Samstag, 14. November 2020

Besuch in der alten (zweiten) Heimat

Mit Heimat ist das für mich so eine Sache. Ich habe als Kind nie lange an einem Ort gelebt. Sondern im Laufe meines Lebens verschiedene Regionen als Heimat angenommen. Linker Niederrhein, wo meine Vorfahren herkommen und ich Abitur gemacht habe, Vorpommern, Friedrichshof mit Karnin und Velgast, wo ich lange gelebt habe und meine Kinder groß gezogen habe, jetzt Stralsund. Viele andere Regionen, wo ich nur ein paar Monate gelebt habe. Ich bin nicht tief verwurzelt irgendwo. 

Insofern kann ich Alice Merton mit ihrem Lied "No roots" so supergut verstehen, sie spricht mir aus dem Herzen. Nur an einer Stelle kann ich ihr nicht 100 % zustimmen, sondern nur 50 %. "Its just the place that changes, the rest is still the same." Das stimmt nur zum Teil. Ja, der Ort, die Landschaft verändert sich, ja, die Muster, wie Menschen leben, sind sich überall ähnlich. Aber - die Menschen selbst, die sind individuell, besonders, immer wieder neu und anders.

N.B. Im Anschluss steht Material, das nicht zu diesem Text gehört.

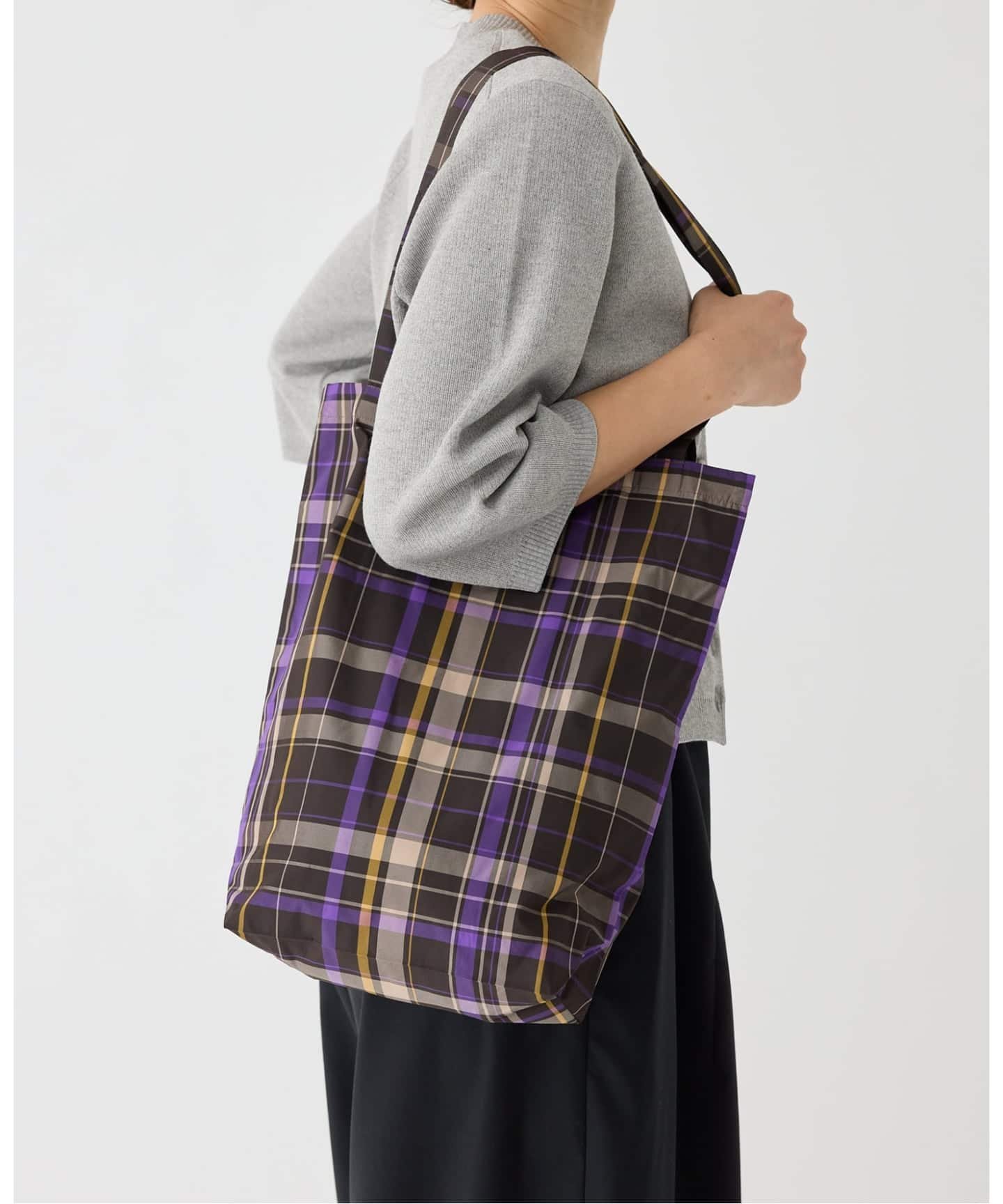 楽天市場】チェック（カラーパープル）（トートバッグ｜レディース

Ich bin das Wochenende über in Schleswig-Holstein. Knapp fünf Jahre habe ich hier im Norden gewohnt, studiert, meinen späteren Mann gefunden, ausgegraben in der Pampa, "gelebt, geliebt, gelacht". Kind 1 hat in Schleswig-Holstein ihre Lehre zur Landwirtin gemacht, eine meiner besten Freundin lebt dort, eine andere kommt von dort. Ich bin auch nach über 25 Jahren Fortsein noch eng verbunden mit dem Land. Merke ich, wo ich jetzt hier bin. Nördlich der Schlei, wo ich mich eigentlich nicht so gut auskenne. Doch die flachen Wiesen, die Knicks, der hohe Himmel, sogar der für die Jahreszeit typische Nebel holen die Erinnerungen hoch. Denn da hat Alice Merton recht: "I've got memories."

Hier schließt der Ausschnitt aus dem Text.